Monday, August 1, 2022

Do We Take Friendship for Granted?

We stood, facing each other in our black gowns and mortarboards outside Philips Hall, that Gothic-style building whose red-velvet-seated auditorium we knew well.


“Let’s stay in touch,” she said, handing me her address.

Surprised, I took the slip of paper. “Sure.”

Lisa and I had met while waiting to audition for West Chester State College’s School of Music, she on flute, I on clarinet. (I was accepted as a piano major, she as a bassoon major.) We became friends in the way classmates do, through regular interaction in classes and ensembles, in the halls. We each joined Sigma Alpha Iota, a women’s music fraternity (yes, fraternity, to highlight that this was not a social club) and eventually served as officers together. Yet for all that, I never felt that we were close. Still…

I really tried to correspond regularly but my efforts were repressed by an assumption and by another, well-meaning, letter-writer. Grandma McIntosh who wrote me pages and pages would include some version of “I wish you’d write more often” in each of her letters. This undid me. I hadn’t yet realized that we all think our lives are ordinary. No one would want to read about my life. Even when living in New Mexico teaching Navajo youth, a place and a situation completely unfamiliar to most, I’d lament, “I have nothing to say!”

Lisa and I wrote back and forth for six or seven years. Her letters were prompt and full of newsy bits while I struggled to fill a page and a half (again not realizing that what I deemed ordinary would make good stories for someone living in New Jersey with a husband and three daughters). Eventually I received a “Dear Jayneann” letter: She needed a friend who made the effort to connect regularly and she was cutting me off.

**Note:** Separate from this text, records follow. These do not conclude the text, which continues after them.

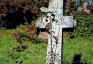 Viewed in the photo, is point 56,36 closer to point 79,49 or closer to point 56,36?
point 56,36

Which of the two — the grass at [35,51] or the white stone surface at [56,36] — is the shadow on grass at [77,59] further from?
the white stone surface at [56,36]

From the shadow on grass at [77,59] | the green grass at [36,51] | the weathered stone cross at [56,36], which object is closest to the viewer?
the weathered stone cross at [56,36]

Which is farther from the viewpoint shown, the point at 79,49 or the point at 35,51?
the point at 79,49

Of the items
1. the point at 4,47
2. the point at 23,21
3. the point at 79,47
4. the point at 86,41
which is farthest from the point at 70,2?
the point at 4,47

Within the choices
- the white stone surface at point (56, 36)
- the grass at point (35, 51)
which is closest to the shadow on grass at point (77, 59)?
the grass at point (35, 51)

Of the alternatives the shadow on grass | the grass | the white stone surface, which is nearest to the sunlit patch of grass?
the grass

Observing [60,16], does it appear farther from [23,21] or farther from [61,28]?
[23,21]

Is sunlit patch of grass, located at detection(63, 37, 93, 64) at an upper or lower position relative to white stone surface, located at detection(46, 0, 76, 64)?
lower

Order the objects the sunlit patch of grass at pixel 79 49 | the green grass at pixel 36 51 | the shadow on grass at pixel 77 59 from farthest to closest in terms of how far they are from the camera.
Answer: the sunlit patch of grass at pixel 79 49 → the green grass at pixel 36 51 → the shadow on grass at pixel 77 59

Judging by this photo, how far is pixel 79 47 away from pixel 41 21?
444 centimetres

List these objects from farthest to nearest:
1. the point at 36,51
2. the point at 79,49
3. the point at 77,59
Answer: the point at 79,49, the point at 36,51, the point at 77,59

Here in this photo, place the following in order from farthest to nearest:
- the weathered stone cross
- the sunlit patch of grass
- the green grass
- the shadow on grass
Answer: the sunlit patch of grass, the green grass, the shadow on grass, the weathered stone cross

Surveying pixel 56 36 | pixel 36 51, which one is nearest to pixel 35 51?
pixel 36 51

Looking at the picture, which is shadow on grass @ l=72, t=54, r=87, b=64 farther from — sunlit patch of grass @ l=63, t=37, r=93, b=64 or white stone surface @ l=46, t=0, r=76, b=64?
white stone surface @ l=46, t=0, r=76, b=64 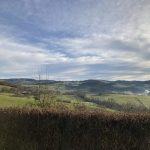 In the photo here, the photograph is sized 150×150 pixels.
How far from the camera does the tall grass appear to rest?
879 cm

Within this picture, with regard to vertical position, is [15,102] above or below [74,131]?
below

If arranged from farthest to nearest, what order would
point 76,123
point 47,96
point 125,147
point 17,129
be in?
1. point 47,96
2. point 17,129
3. point 76,123
4. point 125,147

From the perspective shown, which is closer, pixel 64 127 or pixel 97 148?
pixel 97 148

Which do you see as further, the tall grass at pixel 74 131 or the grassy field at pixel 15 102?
the grassy field at pixel 15 102

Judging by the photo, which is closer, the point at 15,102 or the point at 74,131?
the point at 74,131

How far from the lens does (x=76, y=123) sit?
30.6 ft

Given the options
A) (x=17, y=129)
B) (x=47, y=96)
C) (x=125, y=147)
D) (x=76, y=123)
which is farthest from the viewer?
(x=47, y=96)

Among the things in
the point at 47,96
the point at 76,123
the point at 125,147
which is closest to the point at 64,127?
the point at 76,123

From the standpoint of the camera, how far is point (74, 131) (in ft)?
30.4

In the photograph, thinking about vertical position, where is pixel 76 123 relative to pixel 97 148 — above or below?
above

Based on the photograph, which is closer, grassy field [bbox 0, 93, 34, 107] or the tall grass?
the tall grass

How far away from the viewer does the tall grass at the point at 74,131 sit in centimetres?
879

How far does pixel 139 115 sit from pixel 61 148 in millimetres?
2123

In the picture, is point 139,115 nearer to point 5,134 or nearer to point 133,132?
point 133,132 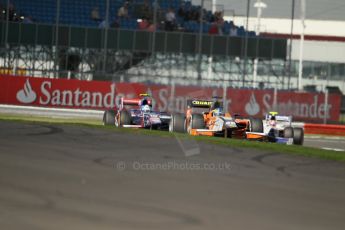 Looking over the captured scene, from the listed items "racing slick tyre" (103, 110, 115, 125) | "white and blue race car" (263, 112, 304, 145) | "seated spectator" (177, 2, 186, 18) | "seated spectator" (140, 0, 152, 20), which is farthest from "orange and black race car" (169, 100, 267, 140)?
"seated spectator" (177, 2, 186, 18)

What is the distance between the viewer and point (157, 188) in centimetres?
735

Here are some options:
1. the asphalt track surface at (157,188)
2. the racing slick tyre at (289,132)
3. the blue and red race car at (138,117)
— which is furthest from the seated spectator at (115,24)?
the asphalt track surface at (157,188)

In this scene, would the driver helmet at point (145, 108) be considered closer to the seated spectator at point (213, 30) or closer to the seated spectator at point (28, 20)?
the seated spectator at point (213, 30)

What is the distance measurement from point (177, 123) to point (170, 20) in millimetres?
17473

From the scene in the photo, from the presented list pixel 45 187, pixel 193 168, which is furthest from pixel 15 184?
pixel 193 168

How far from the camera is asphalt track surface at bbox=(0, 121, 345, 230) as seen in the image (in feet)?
19.2

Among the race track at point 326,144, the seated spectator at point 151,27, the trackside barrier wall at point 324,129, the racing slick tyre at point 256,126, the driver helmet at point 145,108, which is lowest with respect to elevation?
the race track at point 326,144

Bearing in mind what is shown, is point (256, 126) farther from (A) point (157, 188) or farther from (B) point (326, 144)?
(A) point (157, 188)

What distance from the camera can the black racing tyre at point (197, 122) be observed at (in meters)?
18.3

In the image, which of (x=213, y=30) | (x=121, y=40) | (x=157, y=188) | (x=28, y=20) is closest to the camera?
(x=157, y=188)

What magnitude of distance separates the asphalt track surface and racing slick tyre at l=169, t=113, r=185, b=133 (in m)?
6.84

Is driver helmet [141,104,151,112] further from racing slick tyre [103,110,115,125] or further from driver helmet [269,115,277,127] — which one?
driver helmet [269,115,277,127]


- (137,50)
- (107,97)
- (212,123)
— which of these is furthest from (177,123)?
(137,50)

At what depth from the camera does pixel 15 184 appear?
6941 millimetres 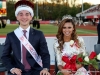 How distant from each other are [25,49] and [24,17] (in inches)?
12.9

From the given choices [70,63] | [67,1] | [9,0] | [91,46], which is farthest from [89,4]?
[70,63]

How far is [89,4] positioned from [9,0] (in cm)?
2304

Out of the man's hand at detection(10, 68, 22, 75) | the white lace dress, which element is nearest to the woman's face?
the white lace dress

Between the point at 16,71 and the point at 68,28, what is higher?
the point at 68,28

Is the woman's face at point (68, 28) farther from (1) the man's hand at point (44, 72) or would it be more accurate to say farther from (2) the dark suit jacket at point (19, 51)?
(1) the man's hand at point (44, 72)

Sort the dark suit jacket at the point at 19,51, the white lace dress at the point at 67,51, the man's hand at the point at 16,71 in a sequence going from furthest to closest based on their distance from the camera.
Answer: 1. the white lace dress at the point at 67,51
2. the dark suit jacket at the point at 19,51
3. the man's hand at the point at 16,71

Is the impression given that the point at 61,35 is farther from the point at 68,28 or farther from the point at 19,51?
the point at 19,51

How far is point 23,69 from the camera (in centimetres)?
292

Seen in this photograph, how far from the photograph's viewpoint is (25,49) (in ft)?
9.70

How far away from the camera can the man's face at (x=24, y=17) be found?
2963 millimetres

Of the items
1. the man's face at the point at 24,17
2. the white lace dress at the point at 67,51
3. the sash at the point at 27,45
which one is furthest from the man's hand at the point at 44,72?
the white lace dress at the point at 67,51

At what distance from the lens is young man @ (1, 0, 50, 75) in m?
2.93

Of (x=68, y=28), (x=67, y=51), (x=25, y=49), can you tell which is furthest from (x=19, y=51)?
(x=68, y=28)

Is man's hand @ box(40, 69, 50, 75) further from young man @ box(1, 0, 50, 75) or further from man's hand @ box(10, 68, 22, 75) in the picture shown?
man's hand @ box(10, 68, 22, 75)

As an adult, I’ve had friendships in tae kwon do class or with colleagues but none of them were close. (It’s no one’s fault; this is simply part of how I function. I take a l-o-n-g time to connect.) Not really understanding what close friendship is, I would listen longingly as others spoke of doing things together and about the friends who were always there for them.

This is the backdrop for my question:

Do you realize how truly amazing it is to have a friend?!

Researchers indicate that whatever happens in our lives, however wonderful or terrible the event, we will soon revert to our previous happiness set-point. You could win the lottery, lose the love of your life (or find them), travel the world for a year. In the end you'd be no happier or sadder than you were before it occurred. I have no reason to doubt this so I suspect that those of you with close friends seldom consider how truly blessed you are.

How do I know you’re blessed? Because I have a friend. And when I pause to consider our friendship I am blown away. This friend dropped everything to take me to and sit with me in the emergency room after I broke my foot last year. We hang out, talk and laugh together, hike or snowshoe… My friend tells me when I have food in my teeth and also that this thing that I do, this habit, is annoying. Wow…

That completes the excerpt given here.